Per i pazienti con malattia avanzata localmente o metastatica, in cui è presente l’alterazione genica Fgfr2 e già trattata con chemioterapia, è disponibile da pochi mesi in Italia una nuova terapia a bersaglio molecolare, che riduce le dimensioni del tumore e porta ad un miglioramento della sopravvivenza mediana di oltre un anno e mezzo. Sul territorio nazionale ci sono una ventina di Centri di riferimento specializzati, più numerosi al Nord e al Centro, meno al Sud. Questo è un altro motivo di sofferenza, perché i pazienti sono talvolta costretti, insieme a un familiare, a faticose e costose migrazioni sanitarie.

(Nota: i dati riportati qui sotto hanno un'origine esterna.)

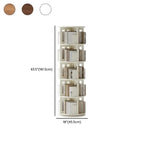 Narrow Cherry Wood Vertical 6 Shelf Rotating Bookshelf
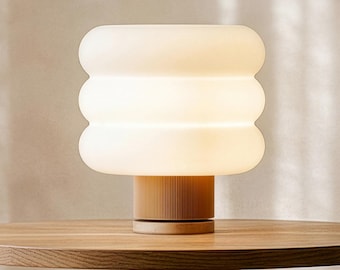 Stacked Donut Table Lamp: Japandi Living Room Decor Natural Oak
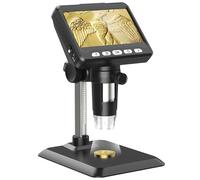 Ashfly Microscopio Digital, 4,3'' IPS Microscopio para Niños con 8 Leds Ajustables, MicroscopioProfesional 1080P con 50-500x Zoom de Aumento, Compatible con PC Windows MacOS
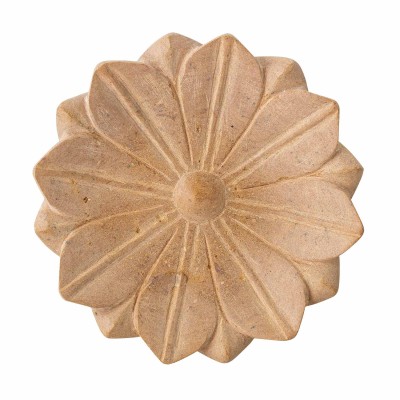 Dekoschale in Blütenform aus braunem Marmor - Draufsicht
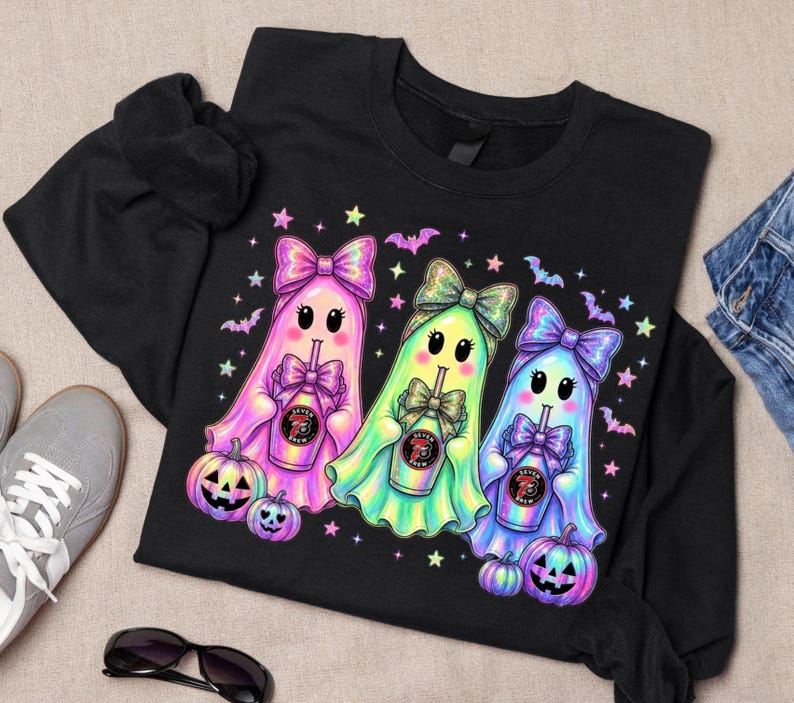 7 Brew Halloween Ghost Trio PNG, Neon Iridescent Spooky Sublimation Design (Digital Download) image 1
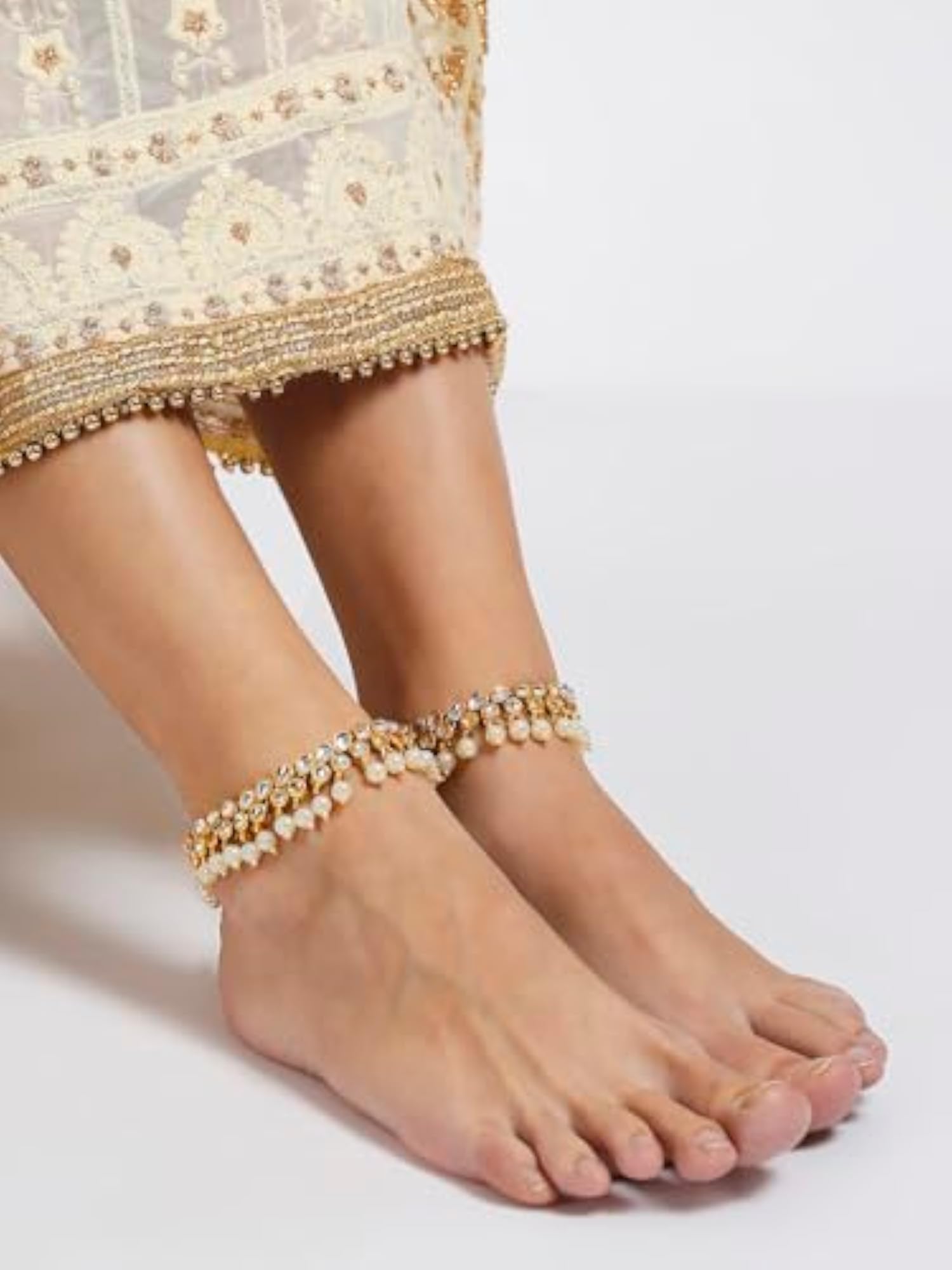 Women's Gold Tone Kunadn & Pearl Ethnic Payal Anklets, Stylish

Circa la metà dei colangiocarcinomi intraepatici presenta una o più mutazioni geniche: per questa ragione sarebbe necessario sottoporre tutti i pazienti a profilazione molecolare con la metodica Ngs (Next Generation Sequencing) in grado di utilizzare pannelli di grandi dimensioni rispetto al modello ‘singolo gene’, migliorando la capacità di catturare le mutazioni molecolari utili per accedere alle terapie mirate. E’ pesante il vissuto emotivo dei pazienti, che si sentono chiusi in una bolla. La speranza per questi malati c’è, arriva dalla ricerca che negli ultimi anni ha individuato qualche possibilità, ma serve anche rafforzare la rete di supporto di familiari, amici, medici. Serve una coesione forte tra tutti i protagonisti di questo complesso percorso, nel quale andrebbe inserito un sostegno psicologico, presente oggi solo all’interno di alcuni ospedali. Apic, nata nel 2019 per offrire un punto di riferimento ai malati con aggiornamenti continui su terapie e centri specializzati, mira a creare una rete medica e umana attorno ai pazienti con colangiocarcinoma e ad adoperarsi perché – conclude la nota – abbiano un presente e un futuro migliori.